До последнего удара по теплороду оставалось еще 40 лет, и его нанес английский физик Джеймс Прескотт Джоуль (1818- 1889), который не только доказал соответствие между теплом и работой, но и заложил необходимые основы для провозглашения так называемого «закона сохранения энергии». Этот закон настолько важен, что без него нельзя понять науку XX века. Ни работа Больцмана, ни Эйнштейна, ни любого физика после 1870 года не стала бы возможной без открытия Джоуля.

Джоуль не был ни инженером, ни ученым, он владел пивным заводом. Долгое время его работа рассматривалась остальным научным сообществом как любительская и не воспринималась всерьез. Однако материал, находившийся в его распоряжении, позволял ему ставить эксперименты с большей точностью, чем обычно в то время, и благодаря полученным им результатам он и известен нам сегодня.

Интересы Джоуля сосредоточивались на понятии работы, которая тогда определялась как способность поднять груз на определенную высоту. Джоуль изучал различные способы производства работы, включая простые гальванические элементы и топливо из различных веществ. Он быстро заметил, что температура проводника увеличивается, если по нему течет ток, что было сложно объяснить теорией теплорода. Факт, что тот же элемент, который используется для нагревания медной нити, может использоваться также и для создания движения с помощью электрического мотора, привел его к выводу, что тепло и работа — это два аспекта одного и того же явления.

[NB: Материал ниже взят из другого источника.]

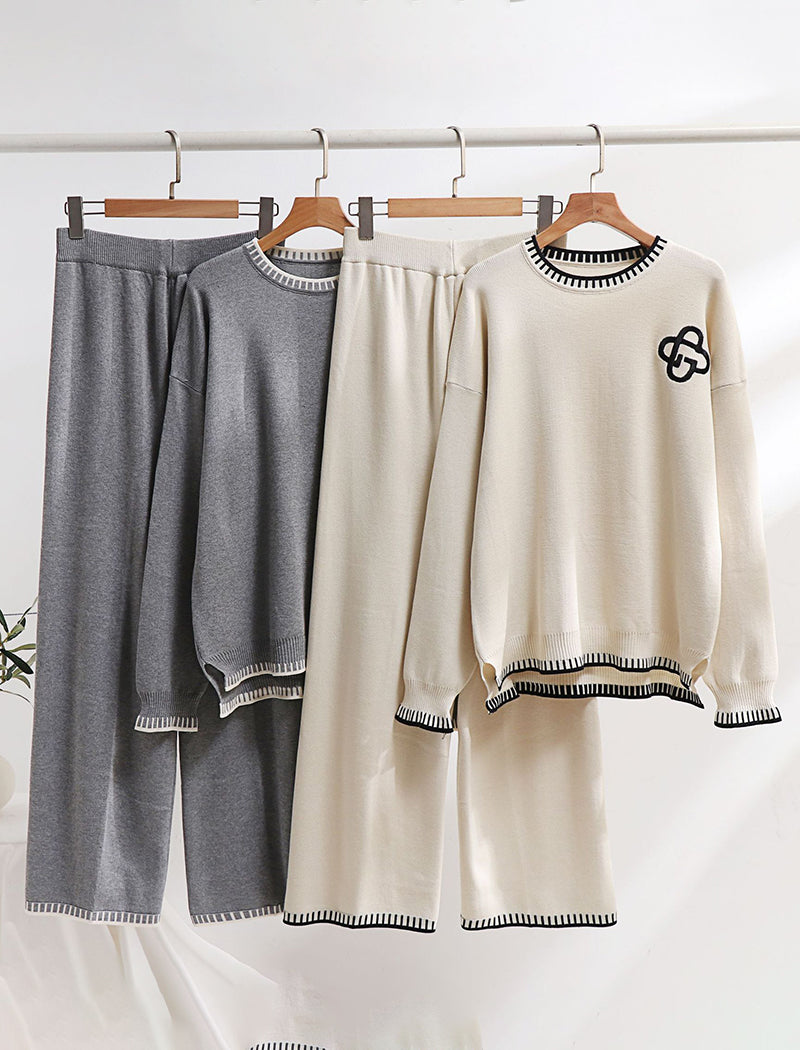 Long Sleeve Knit Sweater & Wide-Leg Pants Set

Зная, что его предложение встретит явное неприятие со стороны научного сообщества, он решил доказать его со многих позиций. С 1841 по 1850 год Джоуль осуществлял всевозможные измерения соответствия между работой и теплом, пользуясь различными методами. Поскольку он получил практически идентичные результаты, его утверждение, что тепло — это всего лишь другой вид энергии, было сложно оспорить.

Джоуль провел несколько лет, исследуя электрические явления, для чего у него имелся арсенал инструментов. Среди них гальванометр (который измеряет ток), улучшенный им самим. Неудивительно, что первое измерение отношения между теплом и работой он осуществил с помощью электромагнита. Тот погружался в воду и начинал вращение при воздействии другого, внешнего магнита. Вычисляя энергию, необходимую для поддержания вращения электромагнита, Джоуль выяснил, что для увеличения на один градус по Фаренгейту температуры одного фунта воды необходима работа, соответствующая поднятию груза весом 838 фунтов на один фут высоты.

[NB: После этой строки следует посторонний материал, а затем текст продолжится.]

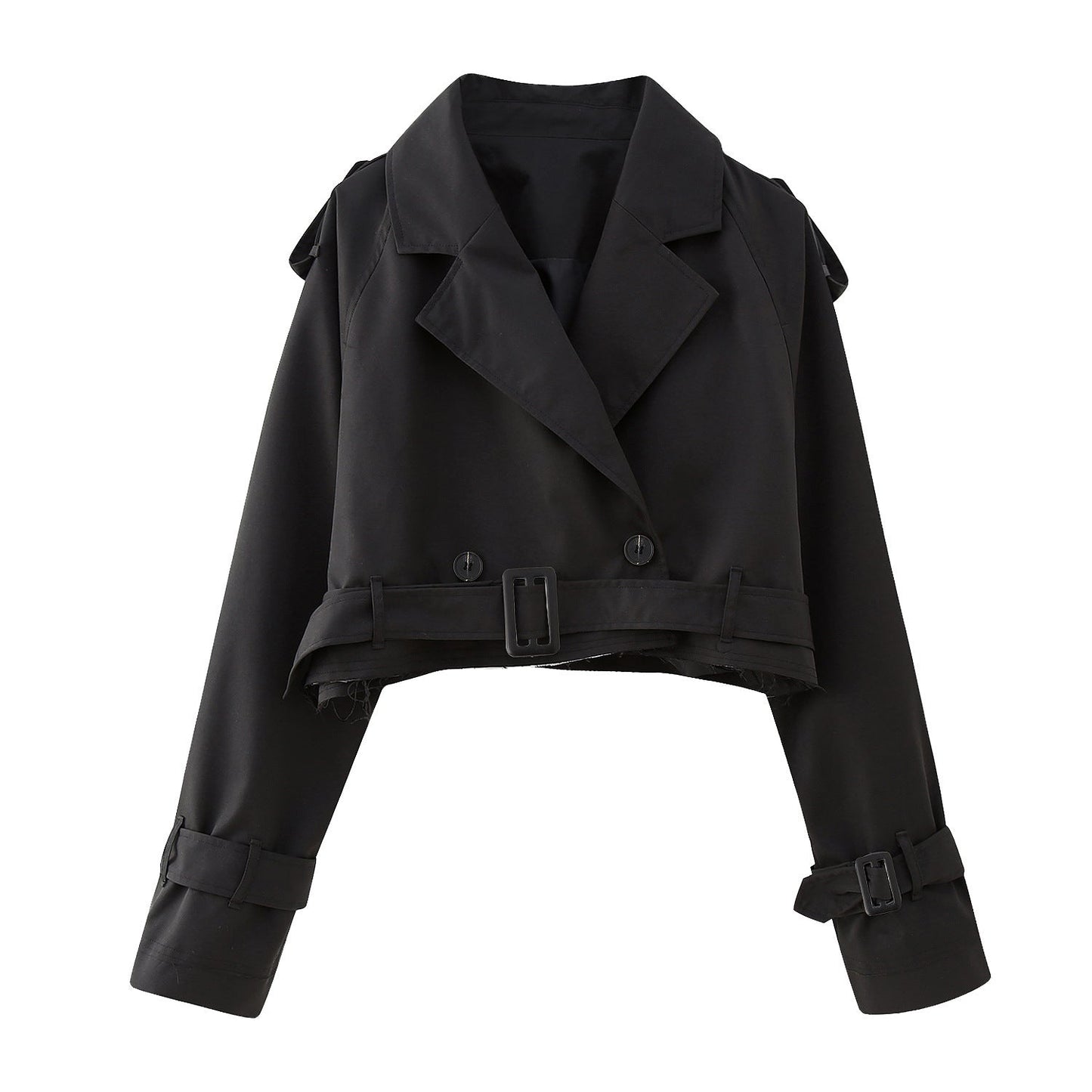 Damen Trenchcoat Kurz Schick Gürtel Elegant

Схема экспериментального устройства Джоуле: груз падает на расстояние z, заставляя вращаться лопасти в воде.


Несмотря на то что он продолжал совершенствовать эти измерения всю свою жизнь (для чего он прибегнул к неоценимой помощи Уильяма Томсона), эксперимент, благодаря которому его помнят, — это четвертый поставленный им эксперимент (см. рисунок). В нем груз, падающий с некоторой высоты (z), использовался для того, чтобы привести в движение маховик с лопастями в цилиндре, заполненном водой. Измерялось увеличение температуры и сравнивалось с работой, осуществленной в данном случае силой тяготения. Полученный здесь результат составил 819 фунтов на фут.

Работа Джоуля стала ключевой для его друга Уильяма Томсона (позже известного как лорд Кельвин), исходившего из предположений Джоуля, чтобы прийти к определению температуры, носящей его имя.


ЛОРД КЕЛЬВИН

Уильям Томсон (1824-1907) проявил свой большой талант еще в детстве.

В десять лет он поступил в университет Глазго, хотя по тем временам это было вполне нормально: университеты стремились привлечь подающих надежды молодых людей в раннем возрасте. Маленький Уильям имел большие способности к математике и физике, во многом благодаря поддержке своего отца Джеймса, который был математиком.

Его одаренность не ограничивалась этим: в двенадцать лет он получил премию за перевод с латинского на английский «Разговоров с богами» Лукиана Самосатского. В четырнадцать лет он уже выполнял работы университетского уровня. Через некоторое время после выпуска стал лауреатом премии Смита, которой Кембриджский университет каждый год награждал самый оригинальный проект по физике и математике. При этом Роберт Лесли Эллис (1817-1859), известный изданием работы Фрэнсиса Бэкона (1561-1626), сказал одному из членов комиссии: «Мы с вами едва ли достойны того, чтобы затачивать ему карандаши».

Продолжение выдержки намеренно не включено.